» DATA EXCERPT
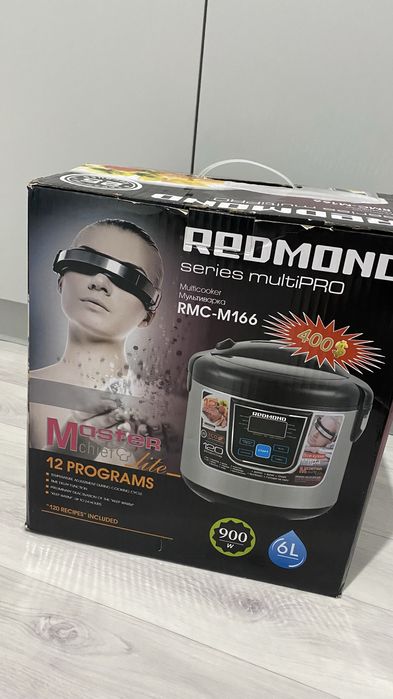 REDMOND Мультиварка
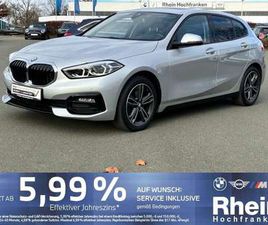 I 5-TÜRER SPORT LINE LED NAVI HUD PANO LHZ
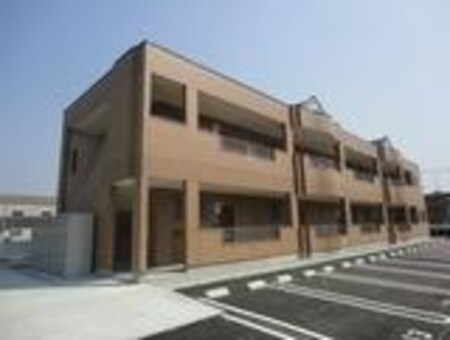 プランドールⅢ外観写真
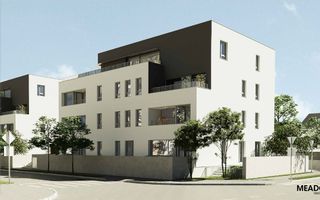 Ap.deosebit cu terasa mare, finalizat, Metrou, zona de vile - Poză 1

» WHAT THE TASK ASKS
Please give the material above again in full, with no pictures in your version.

» ANSWER FOR THE TASK
 REDMOND Мультиварка
 I 5-TÜRER SPORT LINE LED NAVI HUD PANO LHZ
 プランドールⅢ外観写真
 Ap.deosebit cu terasa mare, finalizat, Metrou, zona de vile - Poză 1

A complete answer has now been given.